Saturday, June 04, 2005

I learned something this week

Frameworks work.

Let me explain. I've been using a Palm handheld for a number of years. Mostly for keeping track of the multitude of details at work. Part numbers, contact information, the innumerable details that make up my day. Without the palm, I would fill up a pocket booklet in about a month, with all the recall issues that come with paper. When I first started using the Palm, the built in software seemed inadequate; I wrote my own application that tracked all the stuff I needed.

The problem with rolling your own is the maintenance and side issues that require time. Palm has changed processors and many other things that my app requires. I never got around to writing a hotsync for it, so the data never strayed from the handheld except as a binary backup.

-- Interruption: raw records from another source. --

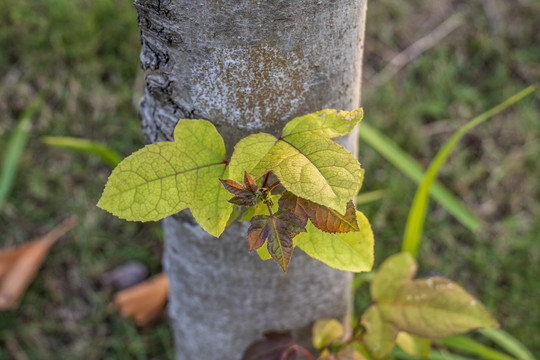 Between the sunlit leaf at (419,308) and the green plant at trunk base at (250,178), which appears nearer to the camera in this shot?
the green plant at trunk base at (250,178)

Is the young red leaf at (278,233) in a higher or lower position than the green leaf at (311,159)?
lower

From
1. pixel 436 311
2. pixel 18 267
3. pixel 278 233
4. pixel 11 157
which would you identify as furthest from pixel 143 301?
pixel 278 233

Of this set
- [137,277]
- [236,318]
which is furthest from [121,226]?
[236,318]

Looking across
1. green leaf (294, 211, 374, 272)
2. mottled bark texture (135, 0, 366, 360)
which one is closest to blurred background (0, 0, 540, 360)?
mottled bark texture (135, 0, 366, 360)

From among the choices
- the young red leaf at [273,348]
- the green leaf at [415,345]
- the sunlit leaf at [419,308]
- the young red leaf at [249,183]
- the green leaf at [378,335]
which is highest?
the young red leaf at [249,183]

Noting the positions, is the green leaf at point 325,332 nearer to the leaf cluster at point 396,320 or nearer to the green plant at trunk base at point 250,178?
the leaf cluster at point 396,320

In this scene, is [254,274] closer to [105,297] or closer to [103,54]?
[105,297]

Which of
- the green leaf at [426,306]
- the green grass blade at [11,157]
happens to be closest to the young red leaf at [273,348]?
the green leaf at [426,306]

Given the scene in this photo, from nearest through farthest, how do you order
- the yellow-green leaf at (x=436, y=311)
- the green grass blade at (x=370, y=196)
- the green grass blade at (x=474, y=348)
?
the yellow-green leaf at (x=436, y=311) → the green grass blade at (x=474, y=348) → the green grass blade at (x=370, y=196) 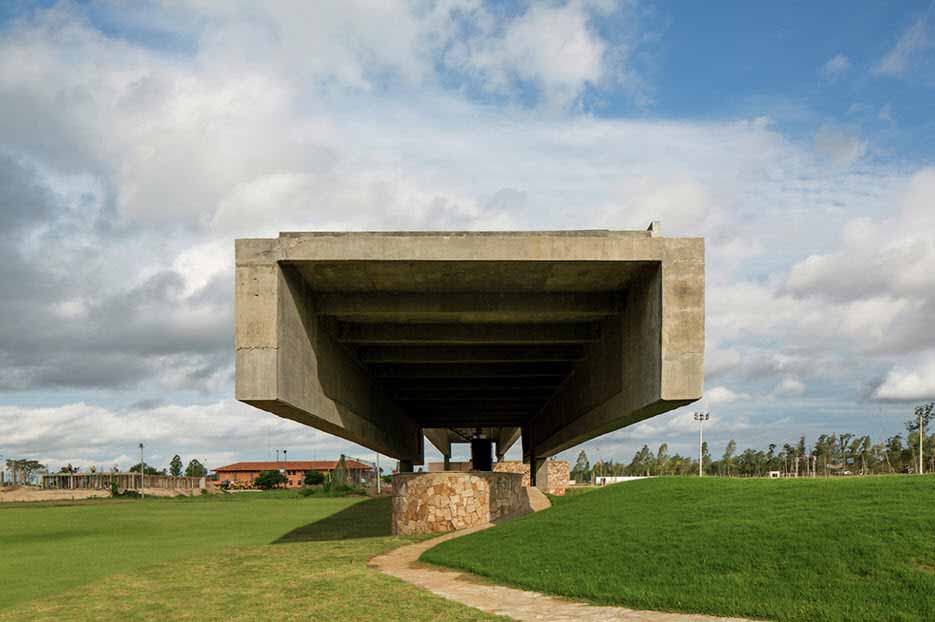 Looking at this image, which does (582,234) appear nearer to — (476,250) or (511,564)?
(476,250)

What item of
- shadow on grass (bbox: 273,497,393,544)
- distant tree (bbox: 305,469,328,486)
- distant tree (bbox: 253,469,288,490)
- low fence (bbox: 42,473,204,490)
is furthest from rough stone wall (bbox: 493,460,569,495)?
distant tree (bbox: 253,469,288,490)

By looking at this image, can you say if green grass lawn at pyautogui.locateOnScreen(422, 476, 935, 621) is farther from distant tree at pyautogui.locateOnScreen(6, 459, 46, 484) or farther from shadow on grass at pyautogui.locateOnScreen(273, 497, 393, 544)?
distant tree at pyautogui.locateOnScreen(6, 459, 46, 484)

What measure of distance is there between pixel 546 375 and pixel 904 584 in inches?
735

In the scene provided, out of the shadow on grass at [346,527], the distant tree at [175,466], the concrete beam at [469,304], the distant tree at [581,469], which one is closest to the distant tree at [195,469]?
the distant tree at [175,466]

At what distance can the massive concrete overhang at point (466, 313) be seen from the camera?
18125 mm

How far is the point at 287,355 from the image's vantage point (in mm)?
18703

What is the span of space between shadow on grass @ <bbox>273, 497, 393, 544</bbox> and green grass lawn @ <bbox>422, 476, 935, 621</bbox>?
973cm

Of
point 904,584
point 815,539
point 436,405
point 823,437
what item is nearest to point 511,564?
point 815,539

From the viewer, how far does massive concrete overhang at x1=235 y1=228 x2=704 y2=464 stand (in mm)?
18125

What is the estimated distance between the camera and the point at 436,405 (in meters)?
41.9

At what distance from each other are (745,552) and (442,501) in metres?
14.4

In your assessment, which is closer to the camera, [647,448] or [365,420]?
[365,420]

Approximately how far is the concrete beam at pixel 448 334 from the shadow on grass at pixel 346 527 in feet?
32.1

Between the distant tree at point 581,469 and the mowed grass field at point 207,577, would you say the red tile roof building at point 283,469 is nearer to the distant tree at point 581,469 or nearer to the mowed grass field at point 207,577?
the distant tree at point 581,469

And more importantly, I never was able to see any usefulness of the KDE PIM tools, which today make up Kontact. My older Palm started losing it's mind, so I purchased a Tungsten E. I started using the built in Palm applications to track the days details, and magically they appear on my desktop. Every morning I do a hotsync, then drag stuff around or edit as necessary. I have actually started using Kontact.

Since I have the summary view open, I've written scripts with dcop calls to add notes and reminders for my perusal. I'm considering writing a script that extracts all the data from my application and inserts it into the calendar. The whole thing is getting more and more useful. My creative juices are flowing as I see ways of expanding usage to the others I work with.

Along the way I've run into some bugs or lack of function that I will either fix or report. No doubt as Kontact gets heavy usage the bug count will skyrocket.

But the most important lesson I've learned is the value of working within frameworks. This implies two things. The framework has to be extensible and powerful enough to contain almost any workflow situations. Quite a challenge. How difficult it is to extract the data from Kontact for other purposes? How easy and complete are the scripting interfaces that would make these things possible?

And I have to content myself with almost perfect solutions that are maintainable. A database app may suit better, but the tie-ins to the handheld that would require maintenance.

It is critical that the scripting bindings be included in KDE installations. That way users and writers of scripts would be assured of things working as expected.